An Australian government study suggests it’s difficult to track the movements of your disposable devices.
Key points:A study found most disposable tracking gadgets were either unplugged or turned offThe report says most devices are left in a “low-profile” location where they can be easily trackedThe study also found there was little awareness of the devices, and no data collection mechanism for them to be collectedAn Australian Government study found almost a quarter of people who own a disposable tracking gadget are unaware of its use.
The study, conducted by the Australian Bureau of Statistics and the Centre for Environmental Health, looked at data from 1,521 disposable tracking units, which were found in most homes, restaurants and shops.
It found that about two-thirds of the units were unplugging, and almost half of the owners had turned off the device.
The majority of the unit owners reported using it as a tracker for their own personal tracking.
The data collected by the study showed most devices were left in low-profile locations, and only around 25 per cent of them had an active monitoring feature.
The research also found most of the people surveyed had no idea their tracking devices were being monitored, and some did not know that they were being tracked.
“We know that in Australia we have a number of people with disposable tracking and it’s a common issue and it can be frustrating,” Dr Rebecca Smith, the director of the Centre on Environmental Health at the University of New South Wales, said.

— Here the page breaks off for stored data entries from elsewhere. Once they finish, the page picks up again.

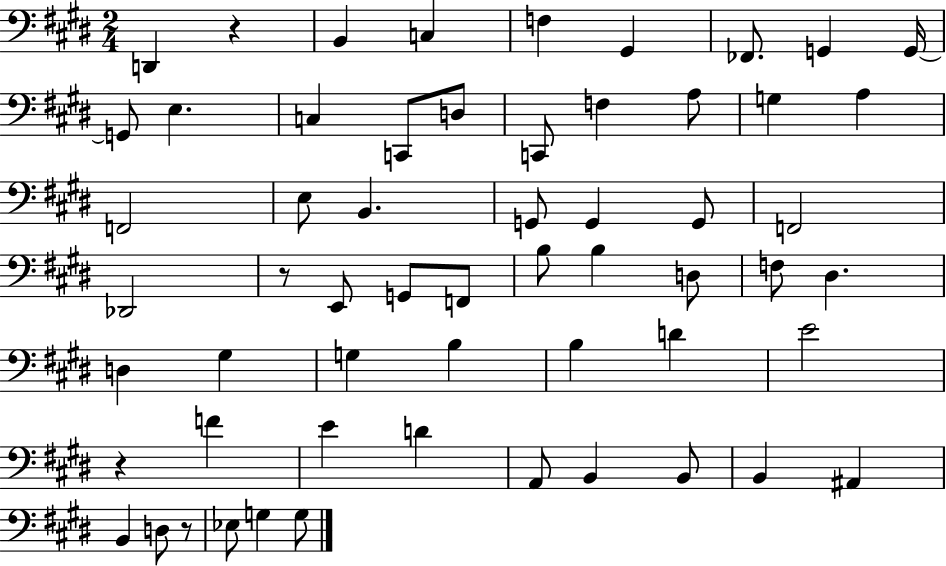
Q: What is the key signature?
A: E major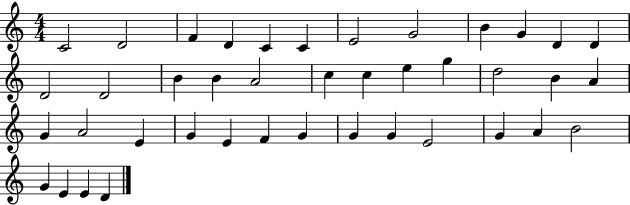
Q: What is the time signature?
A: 4/4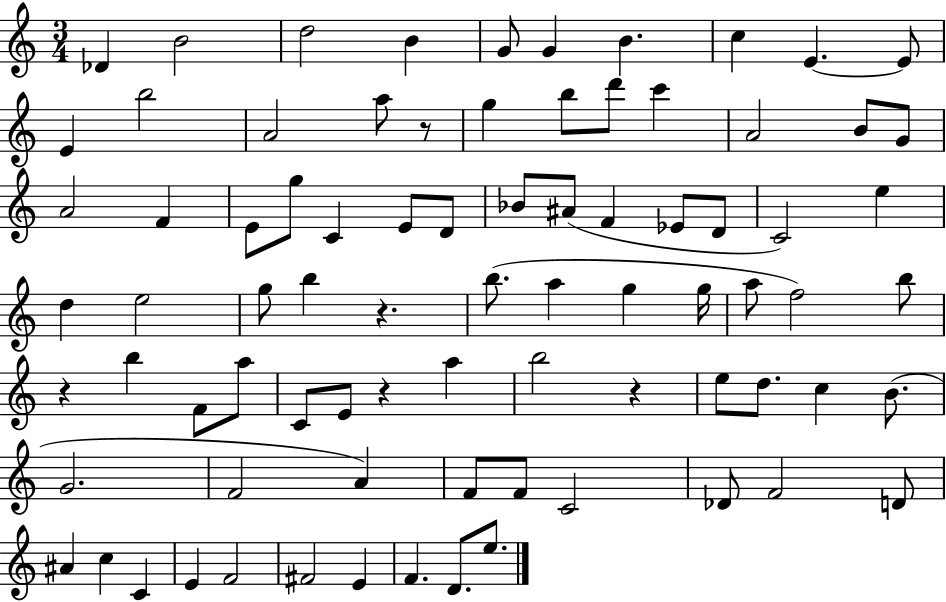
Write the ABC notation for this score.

X:1
T:Untitled
M:3/4
L:1/4
K:C
_D B2 d2 B G/2 G B c E E/2 E b2 A2 a/2 z/2 g b/2 d'/2 c' A2 B/2 G/2 A2 F E/2 g/2 C E/2 D/2 _B/2 ^A/2 F _E/2 D/2 C2 e d e2 g/2 b z b/2 a g g/4 a/2 f2 b/2 z b F/2 a/2 C/2 E/2 z a b2 z e/2 d/2 c B/2 G2 F2 A F/2 F/2 C2 _D/2 F2 D/2 ^A c C E F2 ^F2 E F D/2 e/2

“So we thought that the most important thing to do is educate people.”
Dr Smith said the study was an opportunity for governments to engage with people who owned disposable tracking.
“There are some very serious issues around the privacy of disposable tracking data and we think the information we’re gathering will help to inform the way in which the government deals with the issue of tracking people’s personal information,” she said.
A report released last year by the Commonwealth’s Privacy Commissioner found more than 20 per cent Australians were concerned about their personal information being shared without their consent.
“Data on a person’s personal life can be collected without consent or the knowledge or consent of that person,” the report said.
In the new study, the researchers used data from the survey to investigate the prevalence of unpluggability and the location of the disposable tracking unit, with a focus on the “low profile” location of most devices.
“These are things that are fairly well known in the consumer world and so the consumer knows about them,” Dr Smith said.
She said the devices were often left in high-profile areas and were rarely used for routine tasks.
“They’re used as tracking devices for things like watching television or checking their mail or checking the fridge,” she told ABC News.
“The main thing that you should know is that they’re not used for the purpose of capturing data about your personal life.”
The researchers said the findings were similar to previous studies.
“It’s not clear to us that the data collected was particularly relevant for understanding the motivations behind people’s choice to remove their devices from the household,” Dr Jones said.